Labor hits congressional Republicans on voting to give ‘Donald Trump a tax break’
The Hill, Cameron Joseph8/06/12  

The labor-tied liberal group Americans United for Change and AFSCME are running ads blasting five Republicans in tough races for voting to extend all of President George W. Bush’s tax cuts for “big corporations and the richest two percent.”

“In America everyone should have a fair shot at success. So why are the Republicans trying to tip the scales even more for the big corporations and the richest two percent?” The Republicans just voted to give people like Donald Trump a tax break worth $150,000 a year while raising taxes on 25 million working families,” the national version of the ad says as coins pile onto one side of a scale. “That way the Republicans’ rich friends just keep getting richer. And the rest of us…”

The ad is running nationwide on CNN and MSNBC. Watch the national version of the ad.


Sen. David Vitter criticizes Sen. Mary Landrieu over Bush-era tax cuts
 [New Orleans] Times-Picayune, Bruce Alpert, 8/4/2012

Landrieu, along with most other Senate Democrats, voted to continue the tax cuts for Americans earning up to $200,000 for individuals and $250,000 for couples. Landrieu and other Democrats said that to continue all the tax cuts would add too heavily to the already huge federal deficit.

A few days before Vitter’s email, Rep. John Fleming, R-Minden, also criticized Landrieu on Twitter: “Mary Landrieu voted yesterday to stand w/Pres. Obama in raising taxes, just as she warned she would earlier this month.”

Here’s what Landrieu said after her Senate vote to continue the Bush tax cuts for middle class Americans. “Today’s vote is a strong step in the right direction in that it will allow middle class families who are still struggling in this challenging economy to count on an extension of these key tax cuts.
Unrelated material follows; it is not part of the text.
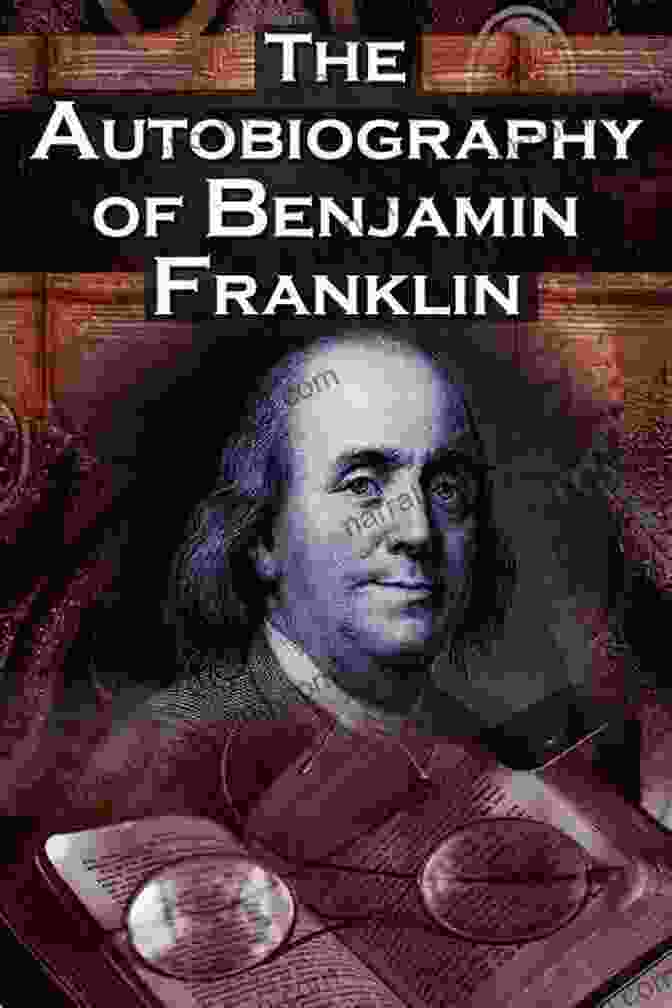Benjamin Franklin, A Renowned Polymath, Inventor, And Statesman, Whose Autobiography Recounts His Extraordinary Life And Contributions To American History. The Story Of Helen Keller: A Biography For New Readers (The Story Of: A Biography For New Readers)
By the way it was designed, this bill targets the bulk of the relief to middle class families, but in fact is a tax cut for every American on the first $250,000 of adjusted gross income. We made important progress today, and I urge our colleagues in the House to join us in our efforts to protect middle class families while reducing our deficit.”


Editorial: Romney’s tax plan crunches middle class
Tampa Bay Times, Editorial Board, 8/6/2012

Lower taxes on the rich and higher taxes on the middle class is how a nonpartisan analysis summed up Mitt Romney’s tax plan. The study cuts through the magical thinking surrounding the presumptive Republican presidential nominee’s promise to lower taxes without adding to the budget deficit.

According to the Tax Policy Center analysis, Romney’s plan to extend the Bush tax cuts for everyone, lower marginal tax rates by 20 percent, eliminate the alternative minimum tax and estate taxes and get rid of taxes on investment income for most taxpayers, while not adding to the deficit, would be a boon for top earners alone. People making $1 million or more would see an average tax cut of $87,000. But people making under $200,000 would see their taxes go up. Those earning between $75,000 and $100,000 per year would see their taxes increase $884.

As a result, the tax burden would shift by $86 billion from high-income taxpayers to middle- and lower-income taxpayers, the center found. The numbers speak volumes about the Romney campaign’s priorities. While President Barack Obama is proposing that taxes rise on the wealthiest Americans by letting the Bush tax cuts lapse only for those with incomes of $250,000 or more, Romney would flip that formula and give further breaks to the nation’s millionaires, people who are already paying the lowest effective tax rate in 60 years.